Having woken at 4am this morning a quick glance through the window showed stars is abundance. There aren’t many things that will get me up at ‘Stupid O’Clock’ but Comet ISON is one of them. However…..the wheels started to come off from the start!
The mount decided to loose its alignment model, so did a cold start and tried to rebuild it. Unfortunately, the Red Dot finder batteries were dead, so it took two attempts at finding the first alignment star through the scope without it. Even with the 40mm, this proved tricky and I had to do a couple of circular searches until what I was looking for passed into the FOV. Once the model was rebuilt – with only 4 alignment stars – I slewed to ISON.
Diddly squat. At 6.8 mag it should have been an easy find. I tried to remember how the cometry data could be updated, but assumed that adding ISON to the list did this. It looks like all this does is add the object, but with the last set of data that was uploaded. As this would have been a few weeks ago and I couldn’t find out how to update the ephemeris, a few more minutes of careful staring , made me decided to pack it in and close up.
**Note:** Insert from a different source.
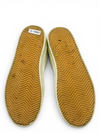 Tenis "Hi Star"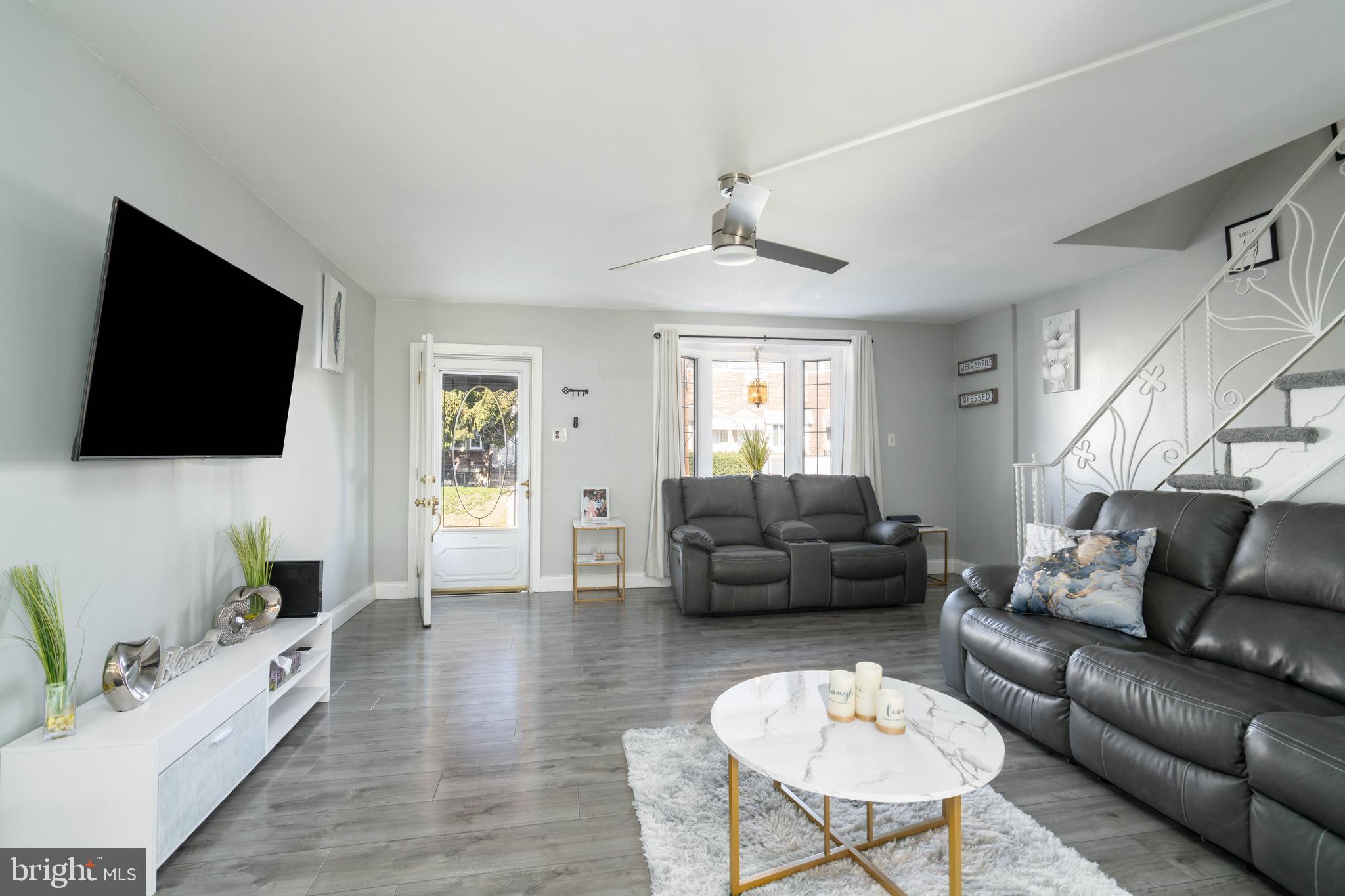 7235 MONTAGUE STREET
It wasn’t until I got back in and hunted through the menus, that there is an ‘Update Comet Data’ tick box in the ‘Refresh Objects from Catalogue’ drop down buried under a couple of other ‘Right Click’ menus. When I did this and compared the old and new positions, I still should have seen ISON, as both were showing in the same FOV of the 14mm. If ISON was in the FOV then it certainly wasn’t observed. Either that or the pointing was off enough that it wasn’t in the FOV at all. I did think of this at the time and did a quick slew to Vega, which wasn’t far away. While not smack in the centre of the FOV of the 14mm , I re-centred it, did a ‘Sync’ and slewed back to ISON – but still diddly.